◆ Exercise brief ◆
The records below hold a stretch from the line with "Snapshot of May_Carlier" through the line with "Used Headlight, right"; return exactly those lines, ends included, and nothing more.

*** Opening Provided material ***

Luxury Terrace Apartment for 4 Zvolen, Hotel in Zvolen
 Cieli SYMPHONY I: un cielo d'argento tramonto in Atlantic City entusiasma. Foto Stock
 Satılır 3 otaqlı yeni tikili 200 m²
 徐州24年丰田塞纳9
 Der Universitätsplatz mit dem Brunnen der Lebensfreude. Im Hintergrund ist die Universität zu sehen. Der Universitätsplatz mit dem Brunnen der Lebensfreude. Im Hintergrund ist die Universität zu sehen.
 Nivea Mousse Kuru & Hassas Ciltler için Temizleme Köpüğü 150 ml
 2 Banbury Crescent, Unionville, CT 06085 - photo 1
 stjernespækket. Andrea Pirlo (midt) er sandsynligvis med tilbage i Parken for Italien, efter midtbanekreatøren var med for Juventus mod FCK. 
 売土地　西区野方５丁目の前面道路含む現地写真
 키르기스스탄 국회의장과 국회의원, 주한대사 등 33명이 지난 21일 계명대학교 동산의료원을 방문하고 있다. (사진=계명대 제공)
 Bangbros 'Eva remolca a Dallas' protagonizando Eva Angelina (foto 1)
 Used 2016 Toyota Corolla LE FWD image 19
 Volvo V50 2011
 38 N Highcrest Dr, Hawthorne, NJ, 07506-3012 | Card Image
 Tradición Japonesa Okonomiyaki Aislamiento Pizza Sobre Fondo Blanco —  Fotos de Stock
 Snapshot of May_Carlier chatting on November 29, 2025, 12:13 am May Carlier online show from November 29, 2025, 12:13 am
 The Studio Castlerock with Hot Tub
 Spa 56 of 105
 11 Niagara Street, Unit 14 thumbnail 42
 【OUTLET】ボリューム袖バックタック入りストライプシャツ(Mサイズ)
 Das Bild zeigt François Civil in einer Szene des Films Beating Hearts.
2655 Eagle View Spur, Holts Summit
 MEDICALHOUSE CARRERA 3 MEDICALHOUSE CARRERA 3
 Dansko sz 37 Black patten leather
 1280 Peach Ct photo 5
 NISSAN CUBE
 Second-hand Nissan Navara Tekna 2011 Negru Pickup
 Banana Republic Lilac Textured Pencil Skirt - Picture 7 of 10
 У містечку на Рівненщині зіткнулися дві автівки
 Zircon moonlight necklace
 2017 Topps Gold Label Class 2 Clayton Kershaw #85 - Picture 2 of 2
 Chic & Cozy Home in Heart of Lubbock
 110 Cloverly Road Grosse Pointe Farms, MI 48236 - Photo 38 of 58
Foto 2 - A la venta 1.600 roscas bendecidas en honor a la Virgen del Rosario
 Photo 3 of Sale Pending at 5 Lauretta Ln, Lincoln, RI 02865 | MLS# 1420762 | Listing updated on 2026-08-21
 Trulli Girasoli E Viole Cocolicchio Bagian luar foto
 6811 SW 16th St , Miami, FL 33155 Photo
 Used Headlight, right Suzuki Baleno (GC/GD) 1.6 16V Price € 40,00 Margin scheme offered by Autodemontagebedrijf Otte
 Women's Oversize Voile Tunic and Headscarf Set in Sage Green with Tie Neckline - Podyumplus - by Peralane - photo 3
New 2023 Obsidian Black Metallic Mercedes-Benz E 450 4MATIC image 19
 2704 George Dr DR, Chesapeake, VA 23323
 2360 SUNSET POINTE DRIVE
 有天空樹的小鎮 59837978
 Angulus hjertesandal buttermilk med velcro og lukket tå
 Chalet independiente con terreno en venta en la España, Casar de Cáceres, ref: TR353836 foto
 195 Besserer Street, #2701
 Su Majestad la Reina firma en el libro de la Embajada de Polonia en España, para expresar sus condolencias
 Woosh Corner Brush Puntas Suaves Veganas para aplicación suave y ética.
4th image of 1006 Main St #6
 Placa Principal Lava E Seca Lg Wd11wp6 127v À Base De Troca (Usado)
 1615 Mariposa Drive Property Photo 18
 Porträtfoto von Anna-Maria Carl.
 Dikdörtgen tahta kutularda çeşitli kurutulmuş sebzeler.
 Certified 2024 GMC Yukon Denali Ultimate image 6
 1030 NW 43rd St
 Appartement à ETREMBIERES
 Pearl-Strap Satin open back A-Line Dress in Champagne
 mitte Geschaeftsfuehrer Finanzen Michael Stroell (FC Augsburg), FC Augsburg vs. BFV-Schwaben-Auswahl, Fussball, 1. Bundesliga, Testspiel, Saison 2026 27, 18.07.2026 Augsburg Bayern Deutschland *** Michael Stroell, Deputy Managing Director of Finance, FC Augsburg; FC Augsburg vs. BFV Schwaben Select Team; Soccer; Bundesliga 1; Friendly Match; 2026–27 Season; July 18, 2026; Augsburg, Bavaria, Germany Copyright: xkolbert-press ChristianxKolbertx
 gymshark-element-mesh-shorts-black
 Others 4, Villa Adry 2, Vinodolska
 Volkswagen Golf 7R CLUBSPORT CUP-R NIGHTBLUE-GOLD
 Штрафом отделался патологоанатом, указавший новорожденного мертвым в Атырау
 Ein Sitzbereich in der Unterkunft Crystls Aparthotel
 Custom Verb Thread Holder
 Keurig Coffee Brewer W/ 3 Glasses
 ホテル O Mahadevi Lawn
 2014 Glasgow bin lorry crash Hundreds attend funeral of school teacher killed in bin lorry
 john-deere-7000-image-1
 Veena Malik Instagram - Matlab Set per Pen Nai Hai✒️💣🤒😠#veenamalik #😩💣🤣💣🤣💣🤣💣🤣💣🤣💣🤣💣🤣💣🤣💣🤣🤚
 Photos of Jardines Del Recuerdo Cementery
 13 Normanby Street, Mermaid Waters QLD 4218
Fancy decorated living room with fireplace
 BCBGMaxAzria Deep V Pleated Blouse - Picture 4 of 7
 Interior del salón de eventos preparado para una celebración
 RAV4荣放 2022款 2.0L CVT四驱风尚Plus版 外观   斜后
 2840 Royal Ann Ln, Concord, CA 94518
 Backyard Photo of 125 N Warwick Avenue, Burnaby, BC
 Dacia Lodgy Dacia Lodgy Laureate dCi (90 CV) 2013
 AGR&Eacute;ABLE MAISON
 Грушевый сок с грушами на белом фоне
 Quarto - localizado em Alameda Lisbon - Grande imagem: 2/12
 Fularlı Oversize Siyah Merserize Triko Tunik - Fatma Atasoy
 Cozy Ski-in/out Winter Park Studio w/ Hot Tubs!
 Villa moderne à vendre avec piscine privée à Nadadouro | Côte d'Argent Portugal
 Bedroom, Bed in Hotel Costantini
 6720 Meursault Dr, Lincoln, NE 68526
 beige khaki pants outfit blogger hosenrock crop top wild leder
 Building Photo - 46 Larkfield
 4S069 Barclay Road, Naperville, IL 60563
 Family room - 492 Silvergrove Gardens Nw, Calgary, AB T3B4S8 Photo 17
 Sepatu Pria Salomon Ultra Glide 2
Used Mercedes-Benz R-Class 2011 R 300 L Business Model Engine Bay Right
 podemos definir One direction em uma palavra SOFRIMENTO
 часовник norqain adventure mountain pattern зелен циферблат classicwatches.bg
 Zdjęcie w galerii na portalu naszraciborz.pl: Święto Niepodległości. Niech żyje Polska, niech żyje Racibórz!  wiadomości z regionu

*** Closing Provided material ***

◆ Response to the task ◆
 Snapshot of May_Carlier chatting on November 29, 2025, 12:13 am May Carlier online show from November 29, 2025, 12:13 am
 The Studio Castlerock with Hot Tub
 Spa 56 of 105
 11 Niagara Street, Unit 14 thumbnail 42
 【OUTLET】ボリューム袖バックタック入りストライプシャツ(Mサイズ)
 Das Bild zeigt François Civil in einer Szene des Films Beating Hearts.
2655 Eagle View Spur, Holts Summit
 MEDICALHOUSE CARRERA 3 MEDICALHOUSE CARRERA 3
 Dansko sz 37 Black patten leather
 1280 Peach Ct photo 5
 NISSAN CUBE
 Second-hand Nissan Navara Tekna 2011 Negru Pickup
 Banana Republic Lilac Textured Pencil Skirt - Picture 7 of 10
 У містечку на Рівненщині зіткнулися дві автівки
 Zircon moonlight necklace
 2017 Topps Gold Label Class 2 Clayton Kershaw #85 - Picture 2 of 2
 Chic & Cozy Home in Heart of Lubbock
 110 Cloverly Road Grosse Pointe Farms, MI 48236 - Photo 38 of 58
Foto 2 - A la venta 1.600 roscas bendecidas en honor a la Virgen del Rosario
 Photo 3 of Sale Pending at 5 Lauretta Ln, Lincoln, RI 02865 | MLS# 1420762 | Listing updated on 2026-08-21
 Trulli Girasoli E Viole Cocolicchio Bagian luar foto
 6811 SW 16th St , Miami, FL 33155 Photo
 Used Headlight, right Suzuki Baleno (GC/GD) 1.6 16V Price € 40,00 Margin scheme offered by Autodemontagebedrijf Otte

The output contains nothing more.